Additionally, he is also the founder of PT Digi Asia Bios, a consolidated Fintech holding company that offers digital payment, credit, and remittance financial services in Indonesia. He also has a Joint Venture with Tempo Digital Media which focuses on animation for Indonesian IP characters.
He is actively involved in growing and incubating digital businesses by investing in early-stage startups and serving on their boards of directors or as an active advisor. Apart from investing, he advises other firms that are experimenting with innovative business models, such as IRMA, GrosirOne, Surge, Doogether, etc.
He is an Indonesian citizen, 50 years old as of December 31, 2021. He holds several degrees as a Bachelor of Business, Information System in 1992, a Bachelor of Commerce (Hons), Information System in 1993 and a Doctor of Philosophy (Ph.D.), Information Systems in 2000, the three degrees were obtained from the Curtin University of Technology, Perth, Australia.
Bunjamin J. Mailool
Bunjamin J. Mailool began his membership in the Nomination and Remuneration Committee since 2015. He also serves as the Company’s President Commissioner.
He began and built his professional career with Citibank NA Jakarta in 1989, and his last post was as Vice President in 1997. In March 1997, he joined the Lippo Group at PT Bukit Sentul Tbk, where he served as CEO until 2001. He commenced his services as President Director for PT Matahari Putra Prima Tbk in 2002 until 2018, and PT Matahari Department Store Tbk since 2009. He served as President Director of the Company from 2014 until 2015, wherein he accepted his appointment as member of the Nomination and Remuneration Committee from 2015 to this day, while concurrently serving as President Commissioner.
He is an Indonesian citizen, aged 58 as of 31 December 2021. He obtained his MBA from Oklahoma State University and BSc from California State University of Fresno, USA.

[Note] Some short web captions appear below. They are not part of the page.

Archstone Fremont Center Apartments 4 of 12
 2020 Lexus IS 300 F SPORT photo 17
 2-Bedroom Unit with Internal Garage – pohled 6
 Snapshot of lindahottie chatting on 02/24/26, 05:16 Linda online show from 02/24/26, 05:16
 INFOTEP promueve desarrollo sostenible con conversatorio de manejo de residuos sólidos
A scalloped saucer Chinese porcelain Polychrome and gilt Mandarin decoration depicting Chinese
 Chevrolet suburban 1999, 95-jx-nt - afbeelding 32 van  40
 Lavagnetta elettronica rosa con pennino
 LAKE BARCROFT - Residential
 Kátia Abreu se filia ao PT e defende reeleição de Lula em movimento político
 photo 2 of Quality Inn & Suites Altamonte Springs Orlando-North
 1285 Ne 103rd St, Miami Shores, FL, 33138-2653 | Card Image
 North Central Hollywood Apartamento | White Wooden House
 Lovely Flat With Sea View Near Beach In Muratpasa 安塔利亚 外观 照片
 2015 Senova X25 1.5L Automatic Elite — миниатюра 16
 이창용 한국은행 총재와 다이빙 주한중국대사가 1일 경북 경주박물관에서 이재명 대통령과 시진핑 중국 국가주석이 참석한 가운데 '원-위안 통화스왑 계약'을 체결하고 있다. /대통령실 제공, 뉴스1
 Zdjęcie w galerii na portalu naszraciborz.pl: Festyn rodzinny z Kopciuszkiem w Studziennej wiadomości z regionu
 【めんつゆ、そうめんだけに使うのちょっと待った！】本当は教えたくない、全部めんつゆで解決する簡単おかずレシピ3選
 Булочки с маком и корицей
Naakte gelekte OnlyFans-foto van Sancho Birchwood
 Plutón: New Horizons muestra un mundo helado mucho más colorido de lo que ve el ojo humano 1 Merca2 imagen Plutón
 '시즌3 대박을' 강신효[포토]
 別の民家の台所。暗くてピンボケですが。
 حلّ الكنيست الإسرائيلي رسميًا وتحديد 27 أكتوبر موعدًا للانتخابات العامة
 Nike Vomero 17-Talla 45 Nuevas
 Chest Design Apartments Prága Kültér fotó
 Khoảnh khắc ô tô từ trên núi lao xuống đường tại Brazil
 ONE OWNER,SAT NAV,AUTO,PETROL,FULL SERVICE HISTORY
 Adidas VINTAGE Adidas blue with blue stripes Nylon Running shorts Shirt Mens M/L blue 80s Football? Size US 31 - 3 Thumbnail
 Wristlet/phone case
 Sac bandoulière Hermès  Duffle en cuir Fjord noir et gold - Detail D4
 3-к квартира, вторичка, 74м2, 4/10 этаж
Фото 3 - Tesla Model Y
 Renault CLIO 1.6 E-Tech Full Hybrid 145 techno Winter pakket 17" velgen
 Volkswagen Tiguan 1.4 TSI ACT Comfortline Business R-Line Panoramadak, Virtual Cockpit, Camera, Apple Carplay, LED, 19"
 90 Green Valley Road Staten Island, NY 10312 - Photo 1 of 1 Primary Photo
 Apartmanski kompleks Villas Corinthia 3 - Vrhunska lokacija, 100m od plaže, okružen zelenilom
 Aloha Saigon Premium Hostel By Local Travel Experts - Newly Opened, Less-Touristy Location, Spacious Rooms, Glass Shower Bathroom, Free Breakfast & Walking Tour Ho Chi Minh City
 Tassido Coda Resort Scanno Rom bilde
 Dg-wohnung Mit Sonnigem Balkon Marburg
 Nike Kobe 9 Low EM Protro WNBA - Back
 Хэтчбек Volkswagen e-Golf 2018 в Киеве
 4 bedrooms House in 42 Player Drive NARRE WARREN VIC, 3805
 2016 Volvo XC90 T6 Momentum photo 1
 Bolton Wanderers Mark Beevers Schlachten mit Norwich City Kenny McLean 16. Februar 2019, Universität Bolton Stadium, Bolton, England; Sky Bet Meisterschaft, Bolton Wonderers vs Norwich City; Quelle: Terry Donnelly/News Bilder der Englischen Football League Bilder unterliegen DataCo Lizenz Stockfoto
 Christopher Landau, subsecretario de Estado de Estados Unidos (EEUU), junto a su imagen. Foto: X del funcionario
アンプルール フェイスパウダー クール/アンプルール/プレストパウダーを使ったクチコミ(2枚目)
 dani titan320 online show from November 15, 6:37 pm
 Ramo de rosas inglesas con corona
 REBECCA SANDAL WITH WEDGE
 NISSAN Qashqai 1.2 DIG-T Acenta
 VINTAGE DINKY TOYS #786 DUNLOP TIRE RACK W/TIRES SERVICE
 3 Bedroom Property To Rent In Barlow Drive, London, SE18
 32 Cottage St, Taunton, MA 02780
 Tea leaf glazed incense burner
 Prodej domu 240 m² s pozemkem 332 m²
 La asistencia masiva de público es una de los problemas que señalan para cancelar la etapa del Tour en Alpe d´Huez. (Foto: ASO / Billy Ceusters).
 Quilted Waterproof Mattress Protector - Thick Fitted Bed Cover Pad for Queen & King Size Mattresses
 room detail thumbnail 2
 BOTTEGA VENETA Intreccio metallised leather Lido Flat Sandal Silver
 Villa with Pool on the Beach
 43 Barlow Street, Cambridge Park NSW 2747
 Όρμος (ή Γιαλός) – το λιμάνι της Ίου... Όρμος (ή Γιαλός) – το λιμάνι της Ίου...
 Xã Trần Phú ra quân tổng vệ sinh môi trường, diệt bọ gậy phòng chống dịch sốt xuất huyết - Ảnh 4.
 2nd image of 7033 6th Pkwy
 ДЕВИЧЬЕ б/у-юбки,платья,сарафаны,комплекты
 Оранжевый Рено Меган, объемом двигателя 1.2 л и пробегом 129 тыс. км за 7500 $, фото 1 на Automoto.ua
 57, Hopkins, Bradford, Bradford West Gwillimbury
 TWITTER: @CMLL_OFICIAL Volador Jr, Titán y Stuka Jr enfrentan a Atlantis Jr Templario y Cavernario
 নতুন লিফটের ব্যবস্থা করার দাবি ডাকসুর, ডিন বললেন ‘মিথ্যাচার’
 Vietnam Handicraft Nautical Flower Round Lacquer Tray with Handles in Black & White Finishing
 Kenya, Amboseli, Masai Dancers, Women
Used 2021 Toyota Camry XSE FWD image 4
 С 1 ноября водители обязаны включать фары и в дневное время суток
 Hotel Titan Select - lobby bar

Tati Hartawan started her career at Citibank Indonesia with the last position as Global Consumer Business Human Resources Head, Senior Vice President (1989 – 2013). Then, she served as Human Capital Director in Bank Mega (2013 – 2016), before joining Lippo Group of Companies as Senior HR Executive (2016-present).
She is an Indonesian citizen and aged 55 as of 31 December 2021. She holds a Bachelor of Science Degree in Accounting from San Francisco State University, United States of America (1988).
Bagus Purboyo started his career in Human Resources at PT Voksel Electric Tbk (1990-1994). After that, he served as General Manager for Human Resources Department at PT Bukit Sentul Tbk (1994-2004), General Manager of Human Resources Department at PT Matahari Putra Prima Tbk (2004-2013), and member of Nomination and Remuneration Committee of PT Matahari Putra Prima Tbk (2015-2019). Currently, he also holds position as Commissioner of PT Surya Cipta Investama (2014-present).
He is an Indonesian citizen, aged 59 as of 31 December 2021. In 1986, he graduated from the Pembangunan Nasional University, Surabaya with a Bachelor of Science degree in Agronomy. He also attended the Widyawiyata Management Program at IPPM.